Brief: From the entries below, reproduce exactly the lines from the one with "Surf Side Hotel Nags Head Nc 27959" through the one with "Descargar gratis ebook GRRRRR! en epub", both included, without images.
----- Data section
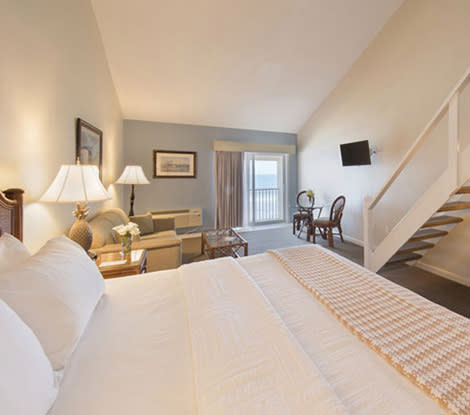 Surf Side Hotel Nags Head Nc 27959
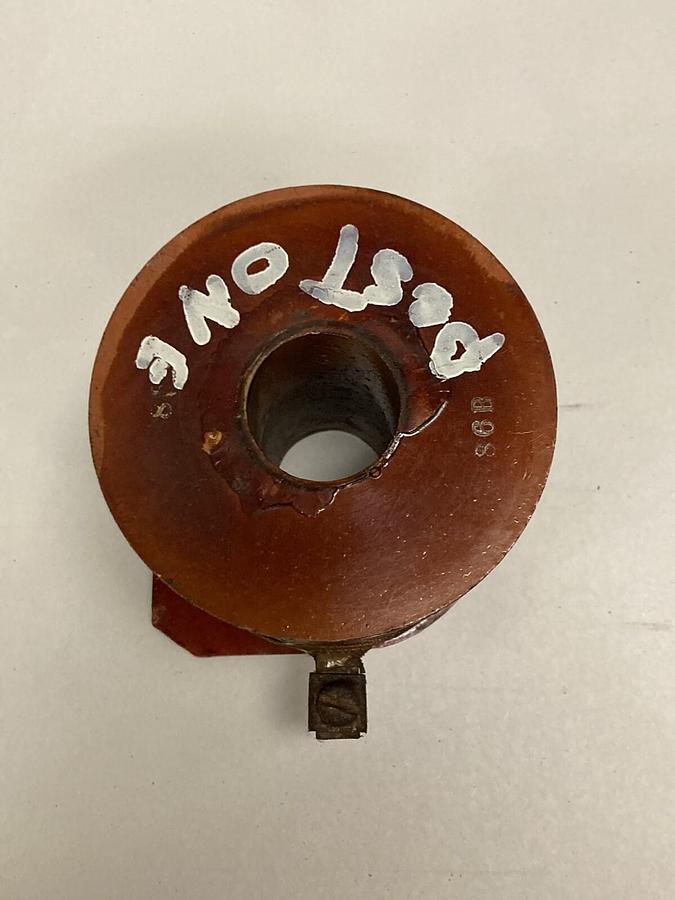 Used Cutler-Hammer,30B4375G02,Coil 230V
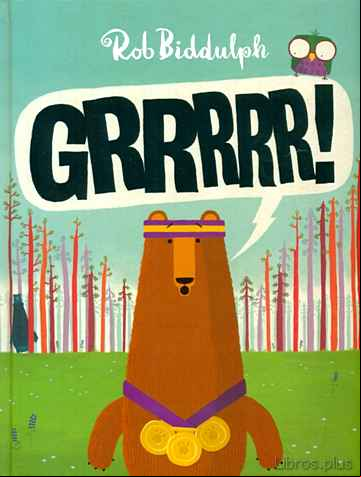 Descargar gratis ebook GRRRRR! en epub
----------
----- Data section
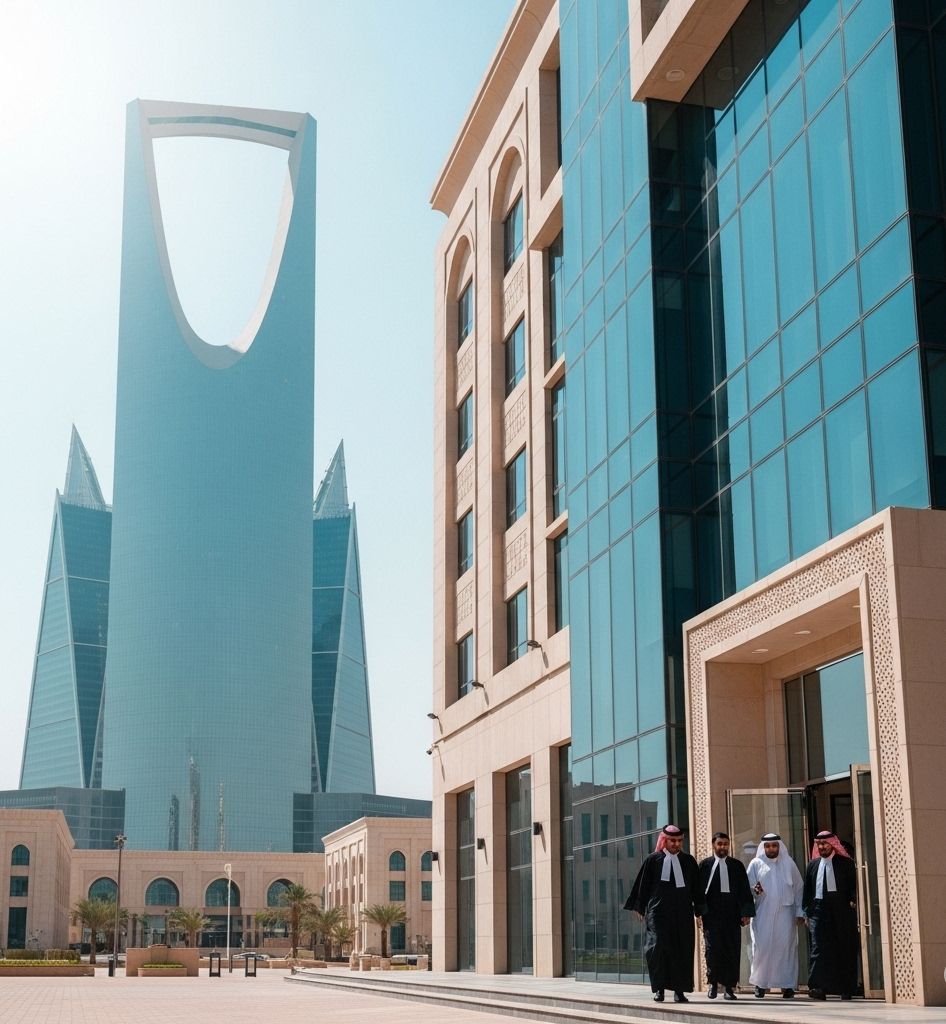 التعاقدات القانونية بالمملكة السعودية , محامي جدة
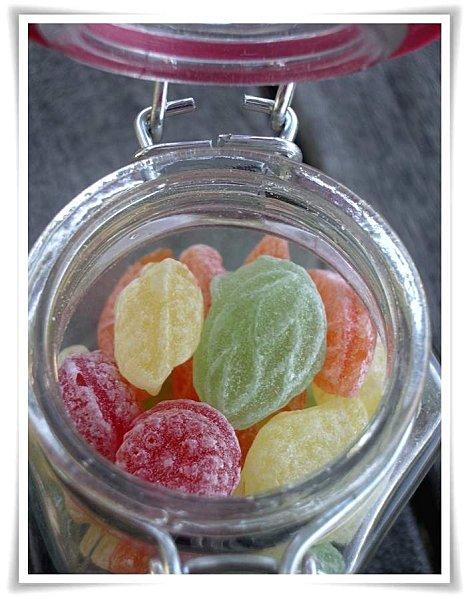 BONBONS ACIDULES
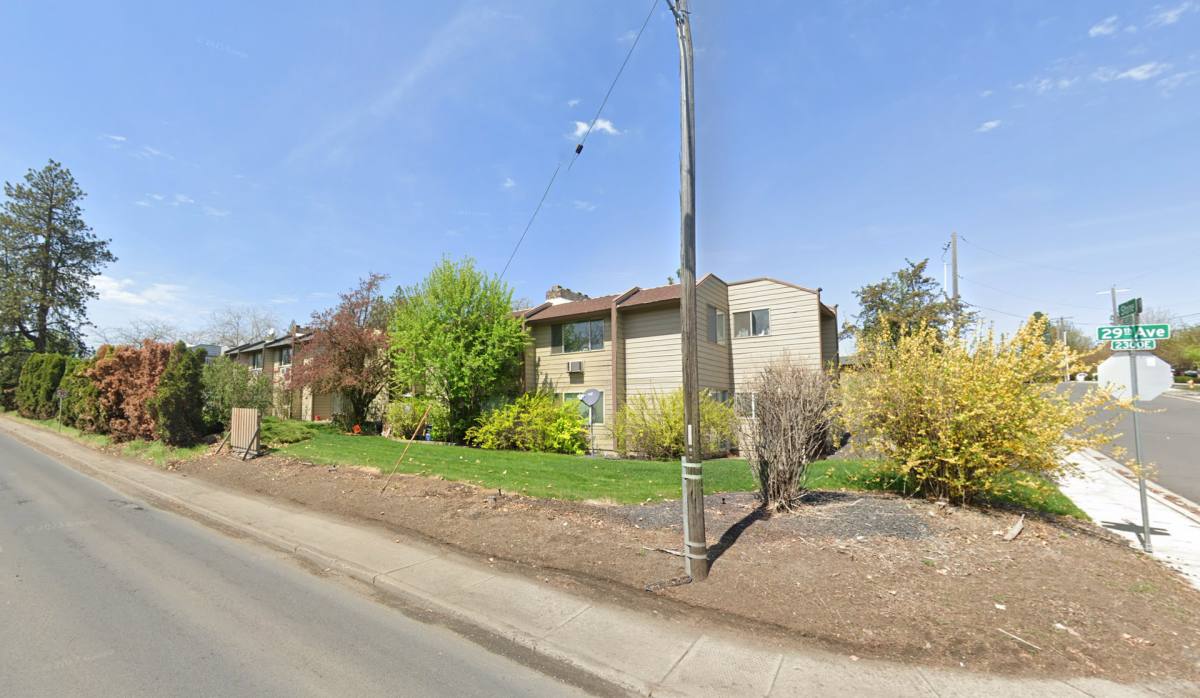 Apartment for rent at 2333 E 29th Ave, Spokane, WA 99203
----------
Output for this exercise:
 Surf Side Hotel Nags Head Nc 27959
 Used Cutler-Hammer,30B4375G02,Coil 230V
 Descargar gratis ebook GRRRRR! en epub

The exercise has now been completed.